Up to the line containing "porque es desagradable.", nothing is kept; from that line through the end of the data below, output every line exactly.
==== Data extract
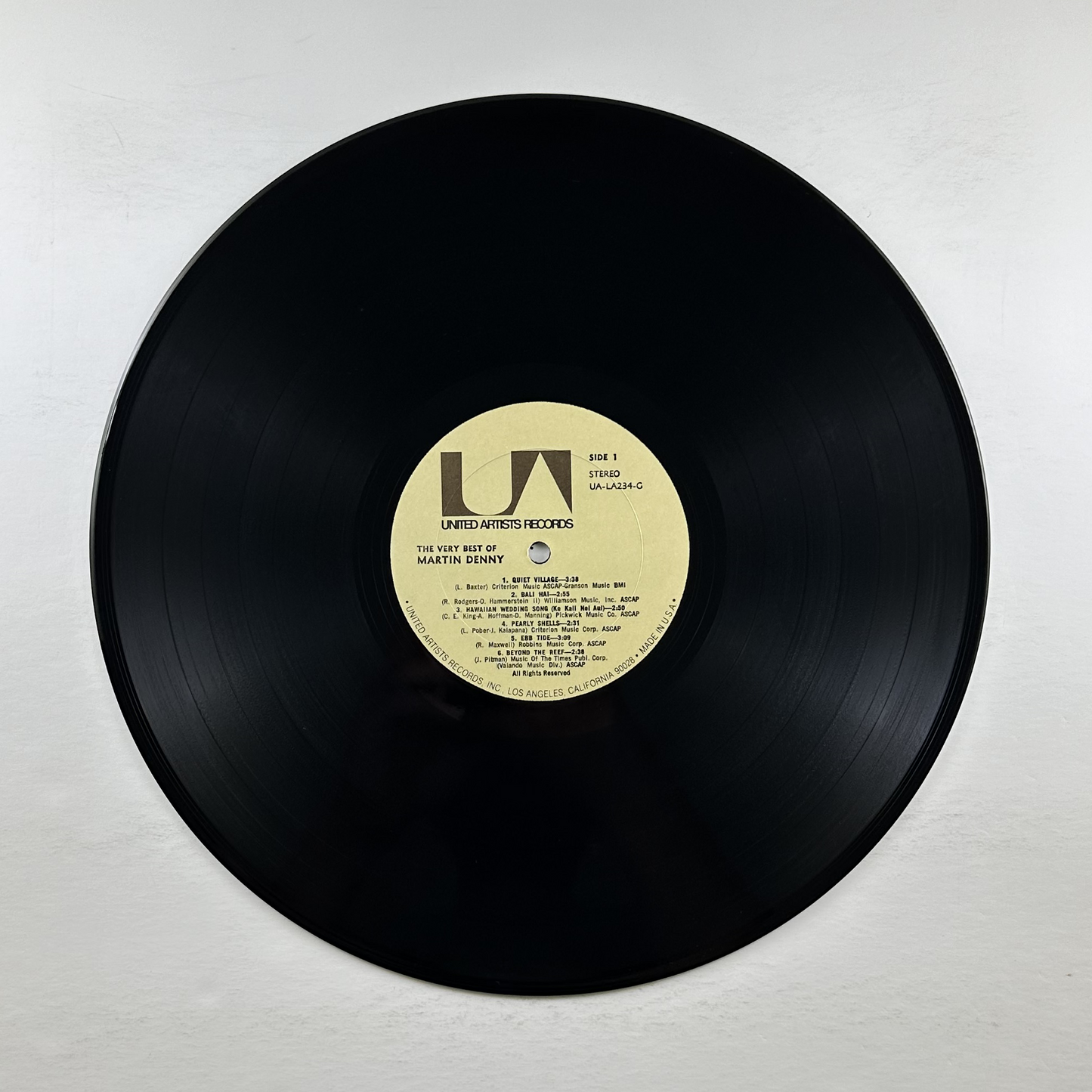 Pre-Owned :: Martin Denny "The Very Best Of Martin Denny" LP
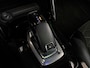 Peugeot 2008 1.2 PureTech GT Pack Sport (PANORAMADAK,APPLE CARPLAY,NAVI,CAMERA,STOELVERWARMING,GETINT,LEDER/ALCANTARA,LM VELGEN)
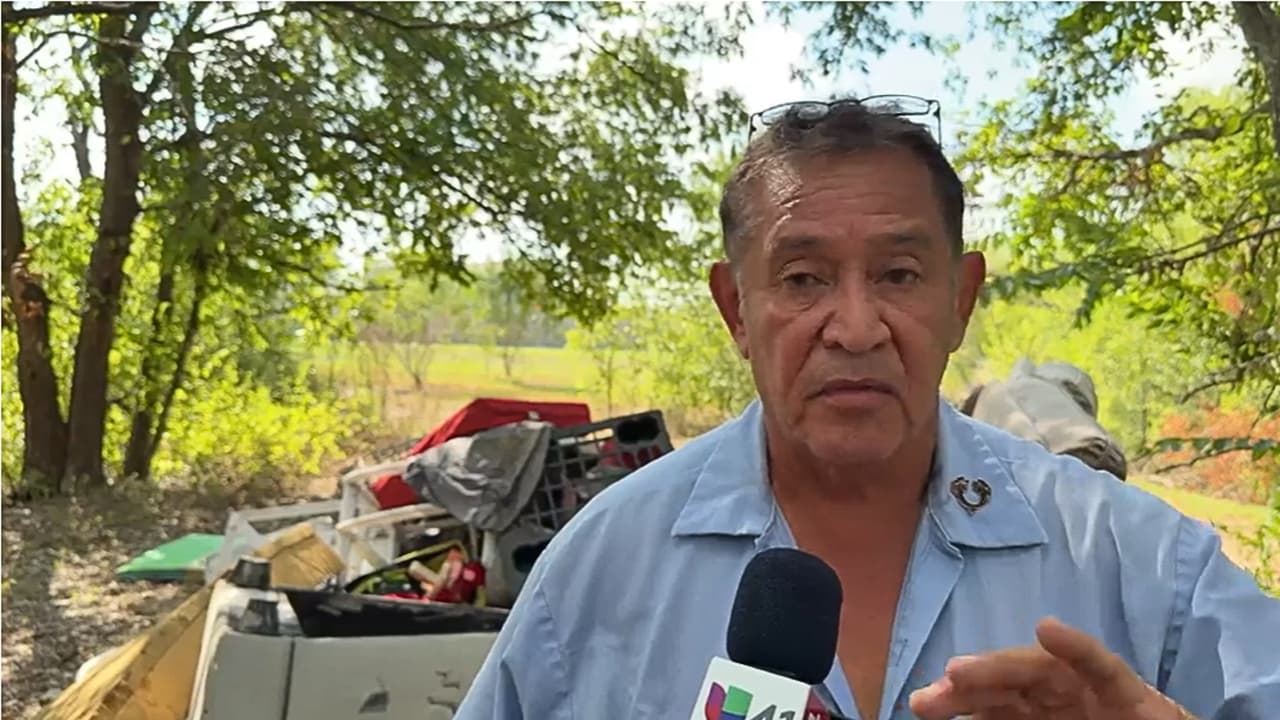 Uno de los vecinos entrevistados por N+ Univision San Antonio describió la situación como incómoda y desagradable.
<br>
<br>“Esta situación es muy incómoda. Sé que hay personas sin hogar y que están pasando por momentos difíciles. Entiendo por lo que están pasando, pero no deberían regresar y volver a hacer un desastre. 
<br>
<br>“El condado necesita venir y hacerse cargo de todo esto porque es desagradable. 
<b>Hay ratas y quién sabe qué más hay</b>”, dijo.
========
▶ _Answer section_
<br>“El condado necesita venir y hacerse cargo de todo esto porque es desagradable. 
<b>Hay ratas y quién sabe qué más hay</b>”, dijo.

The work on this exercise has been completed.